Fecal calprotectin was measured by enzyme immunoassay in 57 children (mean age 9.8 years, range 0.9-18 years) who underwent colonoscopies (IBD n=31, non-IBD disease n=13, normal n=13) and followed-up in 15 children (mean age 13 years, range 3.6-18 years) who were introduced to glucocorticoid therapy because of active IBD at 0, 2, and 4 weeks and at 4-week intervals until one month after discontinuation of the therapy.

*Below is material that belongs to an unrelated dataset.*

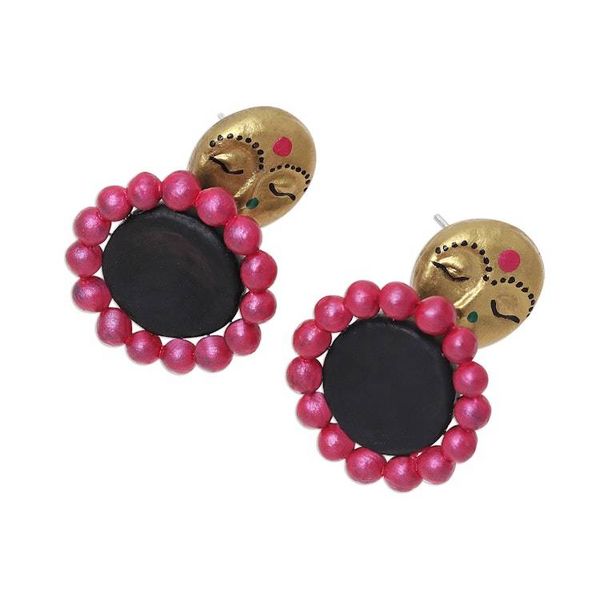 Alternate image for Hand-Painted Feminine Ceramic Dangle Earrings from India Golden Ladies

Fecal calprotectin was <100 microg/g in 70% of the children with normal findings on colonoscopy or a non-IBD disease. Fecal calprotectin was >100 microg/g in all but one child with active IBD and in 13/15 of those children who were introduced to glucocorticoids by the clinicians. Fecal calprotectin values decreased within 4 weeks in line with clinical improvement in 7 children and normalized in 4/15 children during the follow-up. Fecal calprotectin increased in 5/8 of the non-steroid-dependent children after discontinuation of glucocorticoids.


Fecal calprotectin is a sensitive marker for chronic colitis. In active disease treated with glucocorticoids, fecal calprotectin levels declined in line with the clinical improvement but seldom fell within the normal range, which suggests ongoing inflammation in a clinically silent disease. The measurement of fecal calprotectin may provide new tools for the assessment of the level of gut inflammation in children with chronic colitis in the follow-up of clinical responses.